Sun Jul 21 19:52:47 CEST 2013

I would like to discuss the following commit:
https://github.com/gsliepen/tinc/commit/4a0b9981513059755b9fd15b38fc198f46a0d6f2 
("Determine peer's reflexive address and port when exchanging keys")

This is a great feature as it basically allows peers to do UDP Hole 
Punching (via MTU probes) even when both are having their source ports 
rewritten by a NAT, which is extremely useful. However, I have a few 
questions and concerns about the way it's currently implemented in 
ANS_KEY messages:

- AFAIK, once a key is negotiated using REQ_KEY and ANS_KEY messages, 
and barring any changes to the graph, it will only be negotiated again 
<KeyExpire> seconds later, which by default is one hour. This means that 
the UDP port information is only updated once an hour, which seems like 
a very long time. There are situations in which the port could suddenly 
change. For example, consider a typical NAT box that will "forget" about 
UDP sessions after some period of inactivity, and will assign a 
different port when tinc starts sending packets again. Or a redundant 
NAT setup that fails over, losing its state in the process. As a general 
note, any solution that relies on NATs not being broken is doomed to 
fail in at least some situations IMHO. My point is, tinc should be able 
to react to any change in network conditions quickly and efficiently.

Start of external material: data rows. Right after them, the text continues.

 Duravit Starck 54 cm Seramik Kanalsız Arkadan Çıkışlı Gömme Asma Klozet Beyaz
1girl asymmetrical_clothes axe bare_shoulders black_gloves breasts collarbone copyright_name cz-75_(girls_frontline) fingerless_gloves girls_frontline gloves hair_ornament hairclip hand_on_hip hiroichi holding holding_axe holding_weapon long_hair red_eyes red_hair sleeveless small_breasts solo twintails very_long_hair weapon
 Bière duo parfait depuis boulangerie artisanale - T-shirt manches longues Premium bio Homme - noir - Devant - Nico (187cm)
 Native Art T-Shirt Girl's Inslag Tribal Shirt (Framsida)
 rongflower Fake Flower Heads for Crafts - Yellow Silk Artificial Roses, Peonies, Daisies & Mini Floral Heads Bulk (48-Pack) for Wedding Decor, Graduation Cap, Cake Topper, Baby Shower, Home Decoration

- Isn't there a race condition in which a node requests a key, gets it, 
but the intermediate nodes didn't have time to determine the UDP address 
yet? When an intermediate node finds out what the UDP address is a few 
seconds later, it is already too late and it won't get any opportunity 
to tell the node about the address for a full hour.

- When a node receives an ANS_KEY message with UDP address information, 
it will use this information to override the node's address in its own 
structures, no questions asked. Shouldn't it be smarter than that? For 
example, if LocalDiscovery yields a local address, the node will use it 
until it gets an ANS_KEY message for the node, in which case it will 
suddenly revert back to non-local communication until LocalDiscovery 
kicks in again. Shouldn't there be some logic in ans_key_h() to prevent 
it from updating the node's UDP address if n->status.udp_confirmed is 
already true?

- If I understand the code right, when local communication (as in 
LocalDiscovery) between two nodes suddenly stop working, they will 
potentially fall back to indirect communication instead of direct 
non-local communication, because they forgot about the address they got 
from ANS_KEY (which was overridden by LocalDiscovery). Granted, that 
would be an extremely weird situation (local communication suddenly 
stops working but non-local UDP hole punching is okay? seems unlikely) 
which we probably don't really care about.

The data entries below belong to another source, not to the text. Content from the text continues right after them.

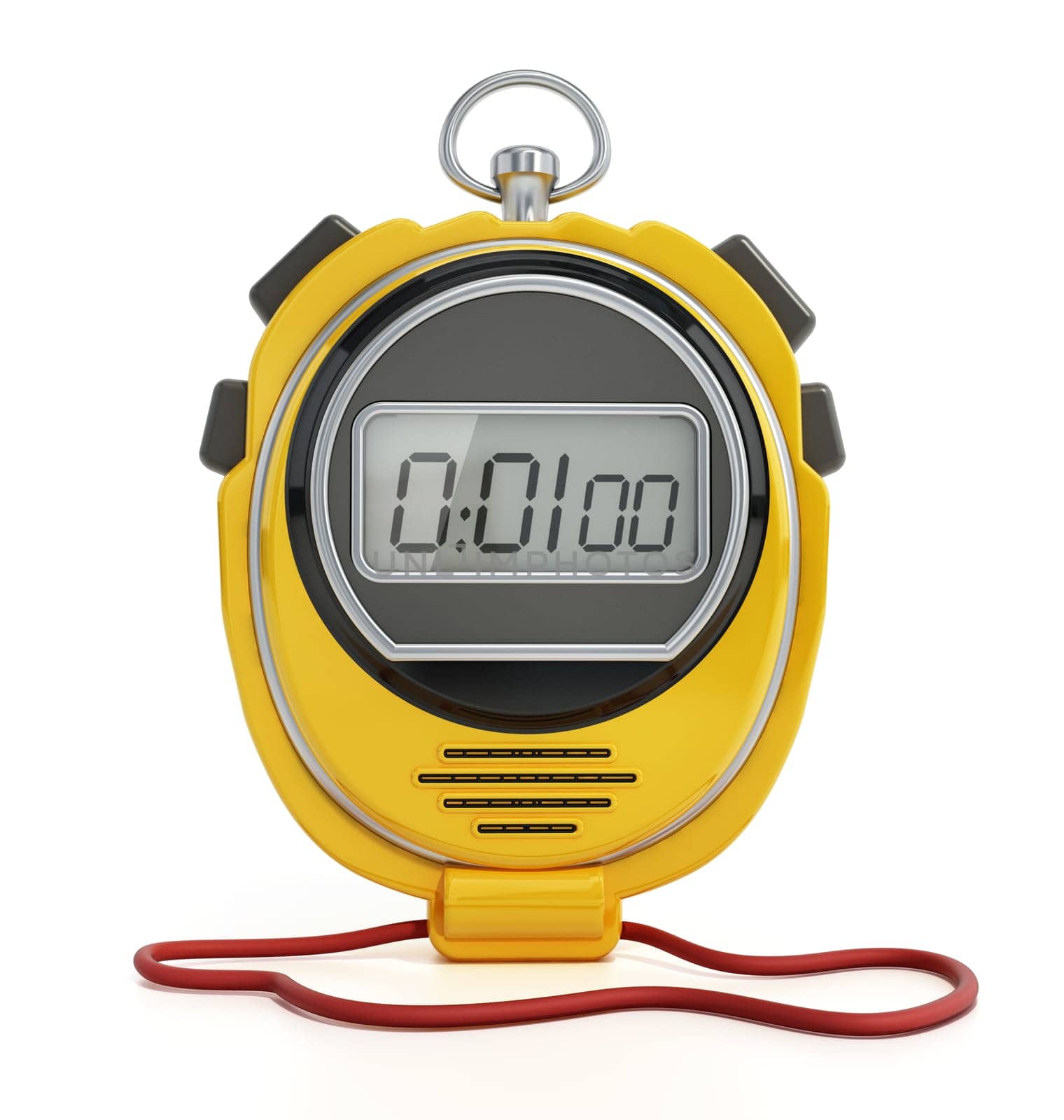 Digital chronometer isolated on white background. 3D illustration.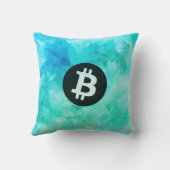 Bitcoin Watercolor (Style 3 - Beach Life) クッション (裏面)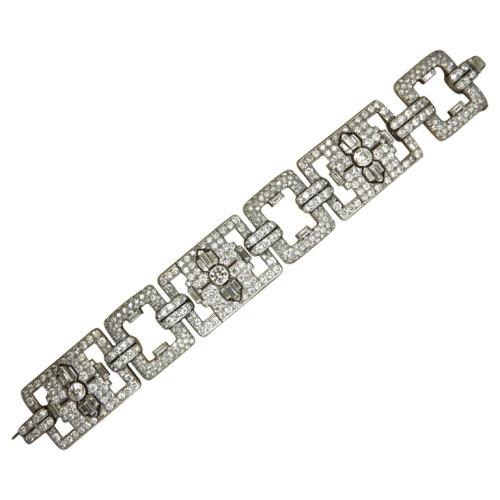 MAUBOUSSIN PARIS, Art Deco, Diamond and Platinum Bracelet, c. 1930.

I am wondering if it would be cleaner to store the node's real UDP 
address in edge_t::address, and then if it gets updated, an ADD_EDGE 
message is automatically broadcast to inform the whole graph of the new 
address, updating the edge information in each node. This would solve 
the first two issues by switching from a "pull" model to a "push" model 
for propagating a node's real UDP address. It would also solve the 
fourth issue by storing received UDP address information in two separate 
places (edge_t::address and node_t::address, respectively). In addition, 
this mechanism makes more sense (well, in my mind at least) because 
edge_t::address is already used to determine UDP addresses anyway. 
Furthermore, it would probably work even with old clients because if my 
understanding of the code is correct, they already handle edge updates 
correctly.

The only regression from the current solution that I can see is that 
with the current implementation, intermediate nodes can "participate" in 
determining the node's UDP address by rewriting ANS_KEY messages as they 
pass through them. This is not possible in my proposal because that 
would require a node to modify an edge that it doesn't own. However, I'm 
not sure that it's actually that useful considering the directly 
connected nodes usually have the best information about how to reach 
their neighbor anyway. I can think of one example where that isn't true, 
which would look like this:

   A <--> B <---(NAT)---> C <---> D

In this case, B actually holds the best information about how to join D, 
not C. Assuming I'm understanding tinc's graph traversal correctly, what 
will happen (if my proposal is implemented) if that A will try to reach 
D *via C* using UDP address information provided by B - it won't be able 
to use D's edge information because it only contains local addresses. So 
instead of talking directly to D, A will indirect via C. I don't think 
that's much of a concern IMHO because it is only a problem if the link A 
<---> D is significantly more preferable to A <---> C <---> D, which 
seems unlikely in such a topology, and can be fixed by directly 
connecting D to B.

Thoughts? I get the feeling that Guus already thought about doing it 
this way and that there is some fundamental problem that would break my 
nice proposal :/

-- 
Etienne Dechamps